Calligraphy Blues

21st August 2009 | Concerts, Daily Life, Musings | 0 comments

I recently made up a couple of cadenzas for a Haydn piano concerto. I kind of improvised them at the piano, and played them in the concert without ever writing them out. Afterwards, I thought I’d try and note them down before I forgot them entirely. Cadenzas are supposed to be, or at least sound, spontaneous but I’d had one or two nice ideas which I was reluctant to let disappear into the mists of time. So I started to write them down.

What a labour! It’s a while since I had to write music down and I was appalled not only at how long it took, but how strenuous it was for my writing hand. You can speed up your movement to a certain extent, but I found that if I wrote too fast, the note heads became mere diagonal lines instead of little round blobs, and the stems became confusingly detached from the note heads.

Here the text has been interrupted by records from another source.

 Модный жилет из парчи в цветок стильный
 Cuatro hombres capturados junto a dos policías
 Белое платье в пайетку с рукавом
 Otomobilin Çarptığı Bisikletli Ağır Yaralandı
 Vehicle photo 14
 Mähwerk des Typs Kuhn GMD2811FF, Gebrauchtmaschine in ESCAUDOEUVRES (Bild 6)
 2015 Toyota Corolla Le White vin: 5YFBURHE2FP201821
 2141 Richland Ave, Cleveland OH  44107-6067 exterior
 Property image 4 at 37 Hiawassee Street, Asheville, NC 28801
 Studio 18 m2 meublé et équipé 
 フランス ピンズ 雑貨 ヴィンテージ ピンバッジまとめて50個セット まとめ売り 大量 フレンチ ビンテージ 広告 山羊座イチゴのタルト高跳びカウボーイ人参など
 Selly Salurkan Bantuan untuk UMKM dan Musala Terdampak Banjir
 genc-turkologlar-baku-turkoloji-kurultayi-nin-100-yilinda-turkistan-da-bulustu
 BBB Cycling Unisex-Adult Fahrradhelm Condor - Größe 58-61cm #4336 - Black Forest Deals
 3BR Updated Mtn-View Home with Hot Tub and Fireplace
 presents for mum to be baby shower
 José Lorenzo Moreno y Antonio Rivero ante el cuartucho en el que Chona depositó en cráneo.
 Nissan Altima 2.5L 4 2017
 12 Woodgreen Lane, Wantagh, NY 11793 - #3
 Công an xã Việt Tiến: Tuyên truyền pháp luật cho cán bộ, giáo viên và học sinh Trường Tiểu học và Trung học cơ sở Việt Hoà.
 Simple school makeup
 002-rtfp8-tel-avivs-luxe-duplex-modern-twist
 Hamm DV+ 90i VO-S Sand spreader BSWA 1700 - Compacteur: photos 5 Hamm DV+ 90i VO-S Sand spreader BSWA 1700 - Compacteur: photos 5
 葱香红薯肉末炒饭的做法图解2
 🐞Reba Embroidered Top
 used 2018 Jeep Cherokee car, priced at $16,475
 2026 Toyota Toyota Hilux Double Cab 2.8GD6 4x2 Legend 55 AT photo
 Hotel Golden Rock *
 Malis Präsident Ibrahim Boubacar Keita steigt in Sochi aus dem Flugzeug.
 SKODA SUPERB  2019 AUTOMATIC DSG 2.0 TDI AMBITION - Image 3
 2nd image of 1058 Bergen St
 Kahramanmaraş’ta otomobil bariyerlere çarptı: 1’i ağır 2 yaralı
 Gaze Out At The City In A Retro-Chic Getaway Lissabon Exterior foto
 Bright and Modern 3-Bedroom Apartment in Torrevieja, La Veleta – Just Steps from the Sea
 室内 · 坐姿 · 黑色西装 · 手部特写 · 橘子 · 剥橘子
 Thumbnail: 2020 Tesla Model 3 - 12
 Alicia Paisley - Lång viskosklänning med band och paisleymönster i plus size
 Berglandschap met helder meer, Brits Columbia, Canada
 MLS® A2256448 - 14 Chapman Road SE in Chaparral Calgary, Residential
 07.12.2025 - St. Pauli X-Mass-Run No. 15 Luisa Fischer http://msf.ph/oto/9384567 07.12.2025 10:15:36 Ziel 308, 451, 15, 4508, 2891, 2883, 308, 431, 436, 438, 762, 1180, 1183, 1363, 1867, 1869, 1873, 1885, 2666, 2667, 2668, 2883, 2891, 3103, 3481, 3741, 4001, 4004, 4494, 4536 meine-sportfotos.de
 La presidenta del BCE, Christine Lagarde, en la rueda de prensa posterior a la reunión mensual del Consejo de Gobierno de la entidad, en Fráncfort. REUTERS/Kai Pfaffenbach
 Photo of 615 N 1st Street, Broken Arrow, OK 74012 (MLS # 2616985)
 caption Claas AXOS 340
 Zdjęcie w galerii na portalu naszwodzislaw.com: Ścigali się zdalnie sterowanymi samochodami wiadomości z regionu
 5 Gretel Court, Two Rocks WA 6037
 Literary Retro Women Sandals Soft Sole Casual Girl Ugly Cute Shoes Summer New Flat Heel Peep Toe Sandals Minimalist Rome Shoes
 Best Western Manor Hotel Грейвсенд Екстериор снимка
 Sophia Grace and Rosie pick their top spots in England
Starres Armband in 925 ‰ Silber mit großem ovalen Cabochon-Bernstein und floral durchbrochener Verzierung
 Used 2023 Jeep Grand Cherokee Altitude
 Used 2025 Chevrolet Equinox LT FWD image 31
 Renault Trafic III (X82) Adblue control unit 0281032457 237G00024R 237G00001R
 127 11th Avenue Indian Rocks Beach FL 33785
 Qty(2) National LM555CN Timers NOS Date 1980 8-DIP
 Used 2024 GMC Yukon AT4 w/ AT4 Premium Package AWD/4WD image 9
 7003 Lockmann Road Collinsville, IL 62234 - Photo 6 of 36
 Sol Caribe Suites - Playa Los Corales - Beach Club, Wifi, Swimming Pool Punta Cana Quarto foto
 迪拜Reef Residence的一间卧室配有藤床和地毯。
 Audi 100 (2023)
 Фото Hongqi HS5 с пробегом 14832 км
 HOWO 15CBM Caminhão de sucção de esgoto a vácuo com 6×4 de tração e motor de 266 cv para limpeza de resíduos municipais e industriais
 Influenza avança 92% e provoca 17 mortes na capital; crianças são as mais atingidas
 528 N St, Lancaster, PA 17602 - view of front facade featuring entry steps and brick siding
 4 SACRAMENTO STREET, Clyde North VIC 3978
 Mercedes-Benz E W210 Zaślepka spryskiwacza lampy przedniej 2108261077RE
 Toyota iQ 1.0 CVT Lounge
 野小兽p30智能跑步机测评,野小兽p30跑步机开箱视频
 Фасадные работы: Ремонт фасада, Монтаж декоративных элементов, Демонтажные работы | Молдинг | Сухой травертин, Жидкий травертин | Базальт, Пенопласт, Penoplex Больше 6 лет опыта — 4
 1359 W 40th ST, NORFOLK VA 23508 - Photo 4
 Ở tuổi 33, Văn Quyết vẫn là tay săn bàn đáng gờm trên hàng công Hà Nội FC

And mine were only pieces of music lasting a couple of minutes each. What must it must have been like for Mozart, Beethoven and so on! The sheer time-consuming labour of writing their ideas down on manuscript paper must have far outweighed the time it took to compose the music. I do remember reading somewhere that if someone sat down and simply wrote out all Mozart’s music by hand, working their way through the Collected Mozart Edition with all the symphonies and opera scores and so on, it would take them longer than Mozart’s entire lifetime. Can that be true? As I struggled to write down the details of my flourishes and arpeggios, it felt as if it could be.